How many Ps are in Google? According to Google, there are two. There's also “exactly 1 ‘r’ in the word ‘poop’,” says Google’s AI Overview, but it spelled journalism with only two 'd's: j-o-u-r-n-a-d-i-s-m. Google made at least one correct spelling of the U.S. president’s last name—t-r-p-u-m—but that’s about as impressive as a kindergartener.
These basic spelling errors are not new to AI, and they’re certainly not limited to Google. Whenever a company introduces a new AI model, you can expect a joke about how many 'r's are in the word strawberry. These models, which can code an app or solve complex mathematical problems in seconds, are about as good at spelling as a kindergartener.

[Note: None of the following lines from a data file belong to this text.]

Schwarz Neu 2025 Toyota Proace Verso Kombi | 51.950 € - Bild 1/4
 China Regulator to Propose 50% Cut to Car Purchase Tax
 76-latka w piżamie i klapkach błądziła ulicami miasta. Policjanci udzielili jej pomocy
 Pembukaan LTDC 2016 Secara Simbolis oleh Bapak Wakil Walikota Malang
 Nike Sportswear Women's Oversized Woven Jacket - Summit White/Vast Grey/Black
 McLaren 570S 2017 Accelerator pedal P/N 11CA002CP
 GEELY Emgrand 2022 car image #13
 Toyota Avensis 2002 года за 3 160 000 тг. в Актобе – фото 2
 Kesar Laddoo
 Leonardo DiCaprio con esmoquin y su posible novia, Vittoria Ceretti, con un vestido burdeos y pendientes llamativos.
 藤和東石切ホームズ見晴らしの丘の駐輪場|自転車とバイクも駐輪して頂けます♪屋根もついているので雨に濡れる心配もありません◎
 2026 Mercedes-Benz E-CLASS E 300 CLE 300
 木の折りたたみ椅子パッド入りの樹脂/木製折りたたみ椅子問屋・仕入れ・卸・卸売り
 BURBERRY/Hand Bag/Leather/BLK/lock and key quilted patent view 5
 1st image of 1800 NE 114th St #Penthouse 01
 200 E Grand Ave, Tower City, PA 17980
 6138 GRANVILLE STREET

Google’s AI overview issues extend beyond silly spelling mistakes. Searching for the word “disregard” yielded a dictionary definition that looked suspiciously like, “Understood. Let me know whenever you have a new prompt or question!” But these errors remain amusing because they’re so difficult to fix. Researchers explain that AI doesn’t perceive sentences as units of language made up of words and letters. Instead, it converts text into numerical representations, which are then contextualized to generate responses.
The token-based architecture that powers LLMs like Google’s AI overview is inherently limiting. As Matthew Guzdial, an AI researcher from the University of Alberta, explains, ‘When you input a prompt, it’s translated into an encoding. When it sees the word “the,” it has this one encoding of what “the” means, but it does not know about “T,” “H,” “E.”’ Researchers haven’t been optimistic that they can solve the spelling problem. Sheridan Feucht, a PhD student studying large language model interpretability at Northeastern University, says, ‘There’s no such thing as a perfect tokenizer due to this kind of fuzziness.’
While these issues may seem trivial, they remind us that AI is not infallible. We cannot blindly trust AI outputs without double-checking their accuracy.